- _WHAT IS BEING ASKED_
This calls for a word-for-word copy of all the data, with each picture removed.

- _DATA EXTRACT_

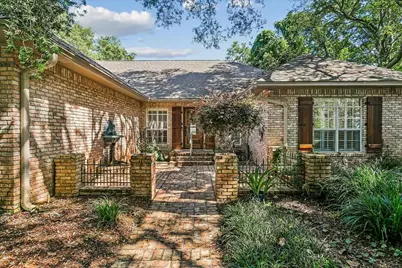 2437 W Bayshore Road, Gulf Breeze, FL 32563 - Photo 1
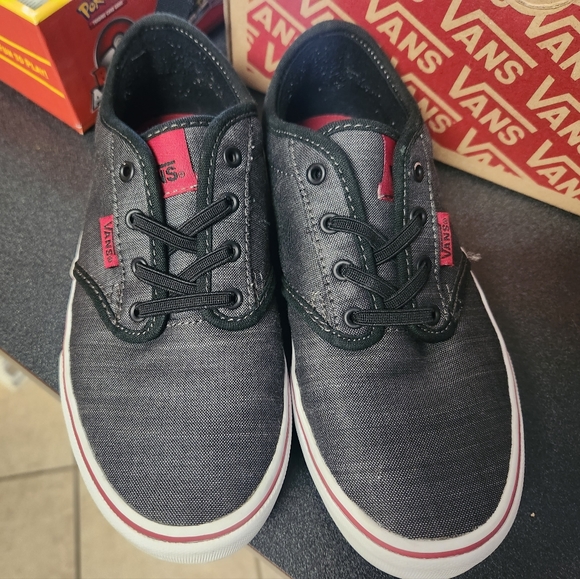 Van Sneakers for Boys - Picture 2 of 4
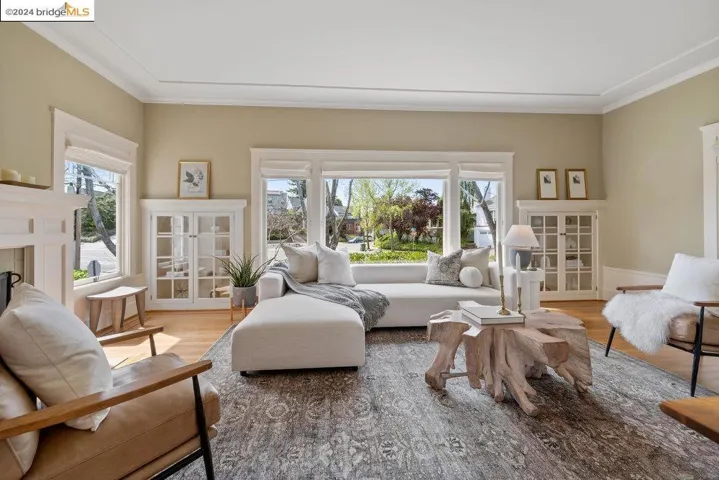 90 Fairview Ave, Piedmont, California 94610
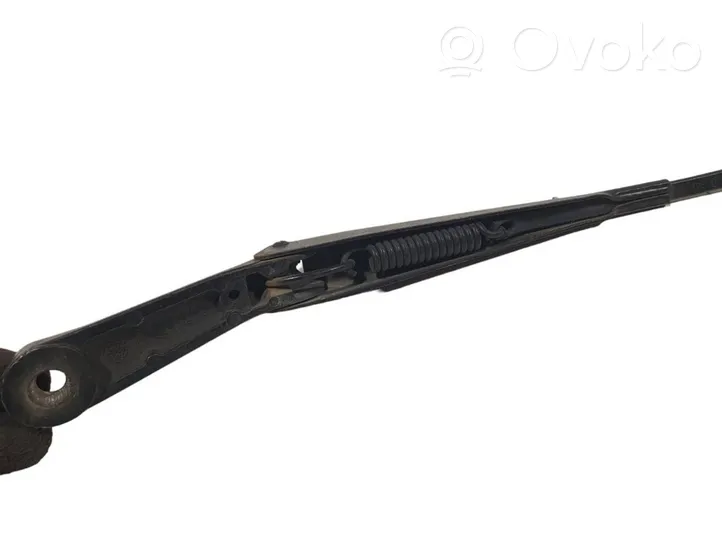 Volkswagen PASSAT B5 Front wiper blade arm 3B1955409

- _ANSWER SPACE_
 2437 W Bayshore Road, Gulf Breeze, FL 32563 - Photo 1
 Van Sneakers for Boys - Picture 2 of 4
 90 Fairview Ave, Piedmont, California 94610
 Volkswagen PASSAT B5 Front wiper blade arm 3B1955409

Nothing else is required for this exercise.